First up had been Jonathan Harvey's new Two Interludes for an Opera. The opera is for Netherlands Opera in 2007, and based on a Buddhist extrapolation around the moment of Wagner's death. These two substantial interludes are scored for 22 players who are subject to some apparently complex spatialisation. I didn't register this as especially remarkable, but it adds another layer to Harvey's rich timbral mix to help create some extremely beautiful sounds and a compelling dramatic context that bodes well for the opera to come.

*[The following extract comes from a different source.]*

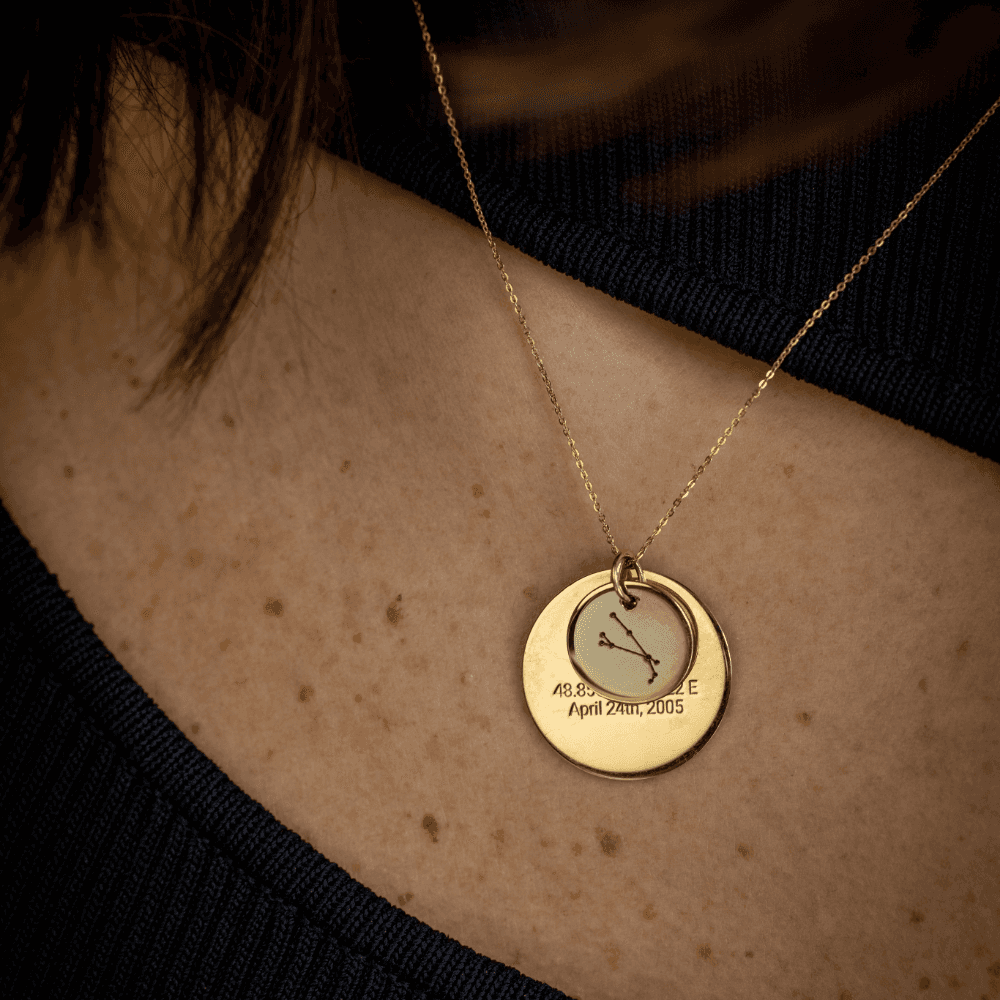 A gold Aries Night Sky Star Sign pendant layered on a gold Night Sky Star Map pendant.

The first interlude represents Wagner's heart attack, and "the journey Wagner's mind takes immediately after", with a Big Bang of impressive impact followed by waves of alternately slow and faster music, within which Harvey's many imaginative gestures - the repeating strikes and resonances of a gong, the many sudden surges and falls - are vividly shaped. The second interlude, drawing on Buddhist legend, evokes burgeoning young love in a weirdly beautiful cello solo, accompanied by a whole host of wonderful things.

Martyn Brabbins conducted what seemed a fine world première account of these two pieces, and the London Sinfonietta played everything on the programme with loving attention to detail. But as a total experience, the concert was, as I've suggested, unsatisfying.

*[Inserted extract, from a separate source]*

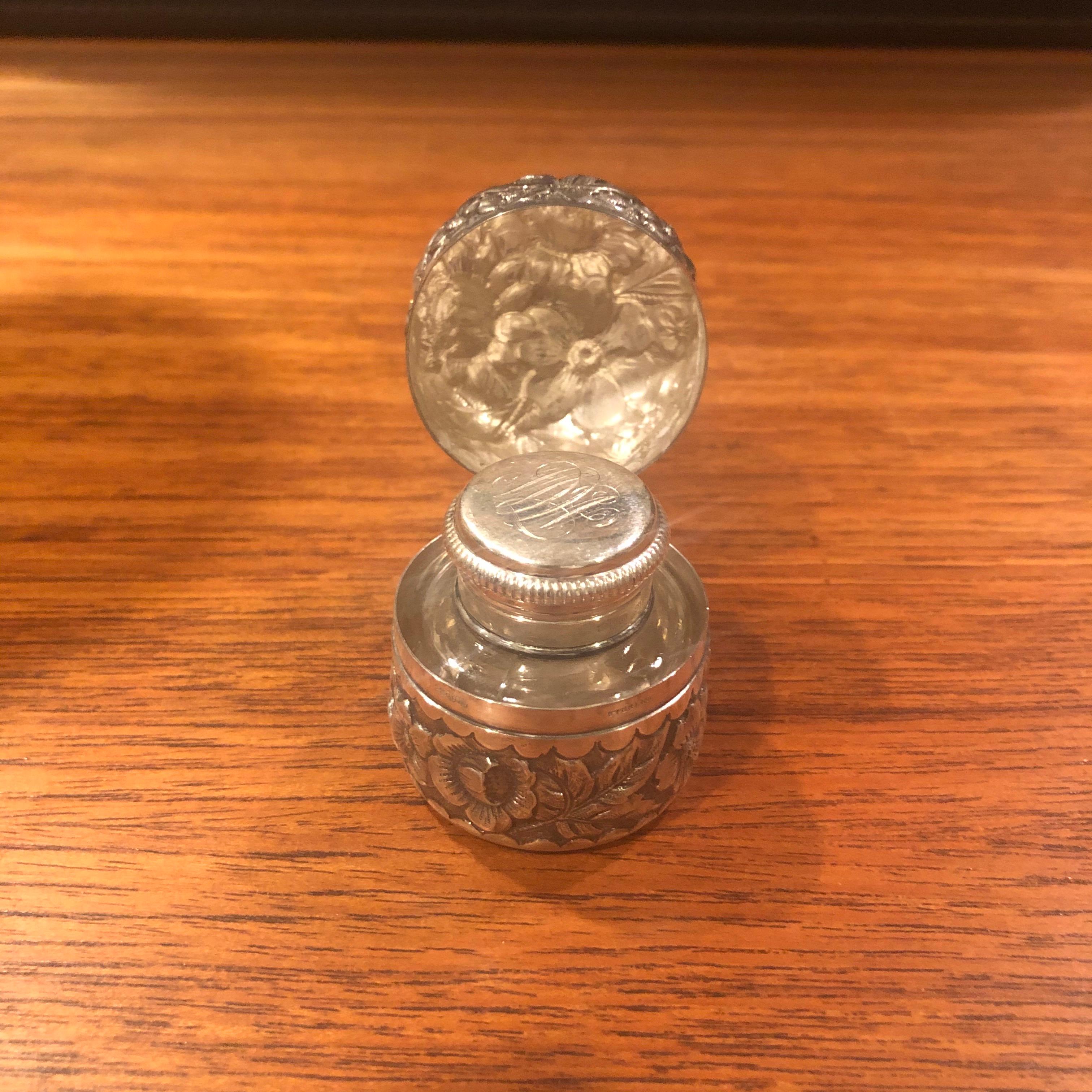 Antique hand-hammered repousse sterling silver inkwell, circa 1900. The inkwell has a single back hinge to open the lid and a screw cap and the glass liner. Fine condition and rich patina.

Following the Harvey, we had the Austrian composer Georg Friedrich Haas's Monodie: similarly slow and sonically probing, but rather blunt and protracted, and for a while bizarrely Wagnerian, in the way it goes about its business. After this, quite a few of the band presumably went home.

James Clarke is a fine but neglected English composer in his forties, but it was a shame that Concetto Spaziale (per Lucio Fontana) was selected as the first piece of his that the Sinfonietta has ever played, since this work for four players and electronics lays down yet another ethereal backdrop but offers only undercharacterised music around it.

Harvey's classic tape piece, Mortuos Plango, Vivos Voco, weaved its usual magic after the interval. But the aforementioned Rihm never delivered the truly epic climax that its first half seemed so firmly to promise. Instead, it frittered its second half away in increasingly sagging attempts to revive the tension and some very empty rhetoric.